Information-Theoretic Foundations for Machine Learning
Hong Jun Jeon, Benjamin Van Roy
TL;DR
The paper advances an information-theoretic, Bayesian framework for understanding learning by linking predictive performance to mutual information and rate-distortion bounds. It develops a general machinery to bound the irreducible and reducible components of estimation error across iid, sequential, meta-learning, and misspecified settings, with concrete results for linear, logistic, deep, and nonparametric models. By modeling data streams with latent parameters and using rate-distortion theory, it provides explicit bounds that scale with problem dimensions, data size, and model complexity, offering a principled way to anticipate sample efficiency and compute-coverage tradeoffs. The framework illuminates how information flows from data to predictions, informs bounds for minimax and meta-learning scenarios, and connects learning performance to optimal lossy compression, thereby guiding future theory and algorithm design in diverse ML contexts.
Abstract
The progress of machine learning over the past decade is undeniable. In retrospect, it is both remarkable and unsettling that this progress was achievable with little to no rigorous theory to guide experimentation. Despite this fact, practitioners have been able to guide their future experimentation via observations from previous large-scale empirical investigations. In this work, we propose a theoretical framework which attempts to provide rigor to existing practices in machine learning. To the theorist, we provide a framework which is mathematically rigorous and leaves open many interesting ideas for future exploration. To the practitioner, we provide a framework whose results are simple, and provide intuition to guide future investigations across a wide range of learning paradigms.

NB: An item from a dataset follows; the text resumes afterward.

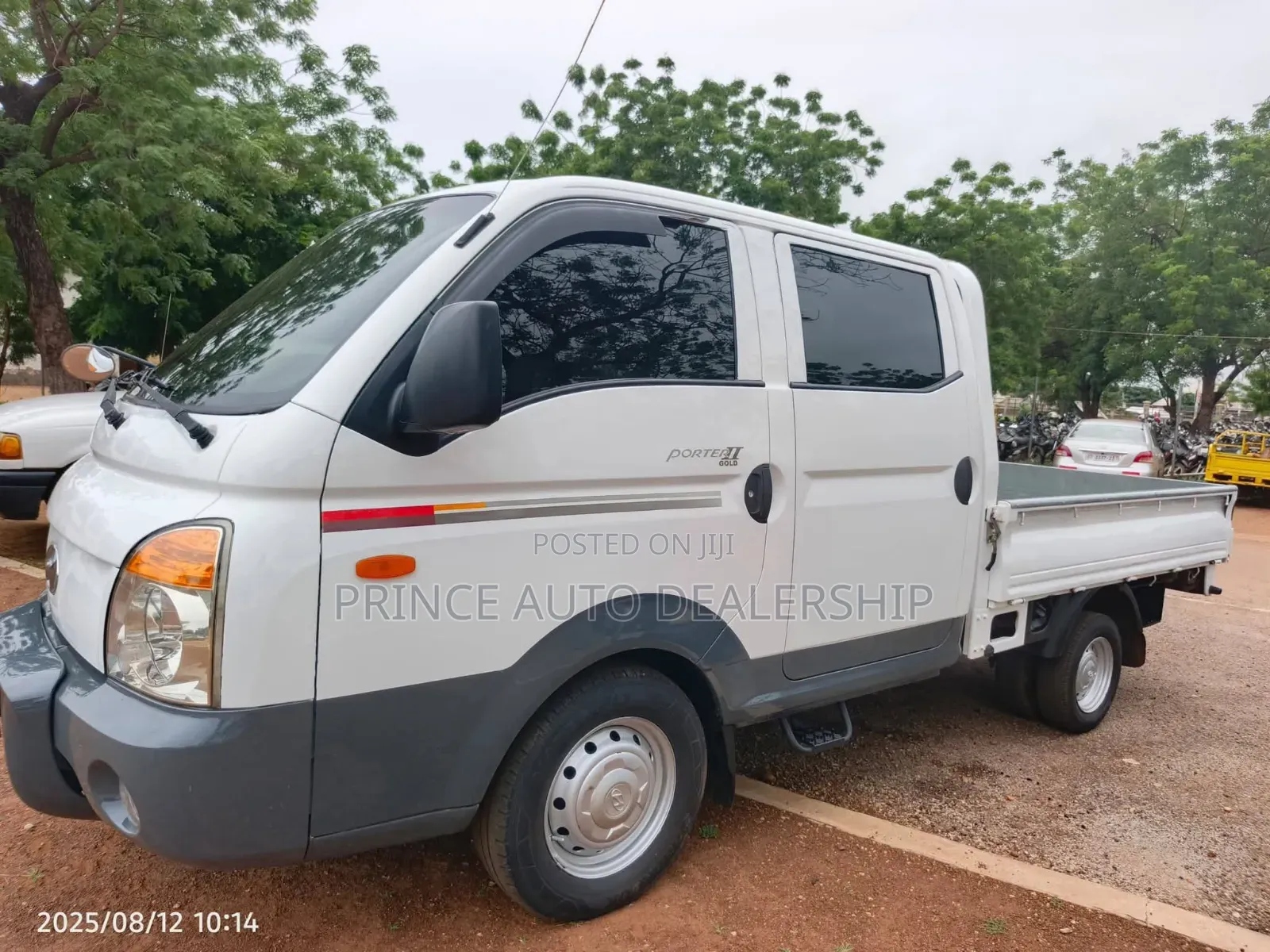 Hyundai Porter || 2010 White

Concretely, we provide a theoretical framework rooted in Bayesian statistics and Shannon's information theory which is general enough to unify the analysis of many phenomena in machine learning. Our framework characterizes the performance of an optimal Bayesian learner as it learns from a stream of experience. Unlike existing analyses that weaken with increasing data complexity, our theoretical tools provide accurate insights across diverse machine learning settings. Throughout this work, we derive theoretical results and demonstrate their generality by apply them to derive insights specific to settings. These settings range from learning from data which is independently and identically distributed under an unknown distribution, to data which is sequential, to data which exhibits hierarchical structure amenable to meta-learning, and finally to data which is not fully explainable under the learner's beliefs (misspecification). These results are particularly relevant as we strive to understand and overcome increasingly difficult machine learning challenges in this endlessly complex world.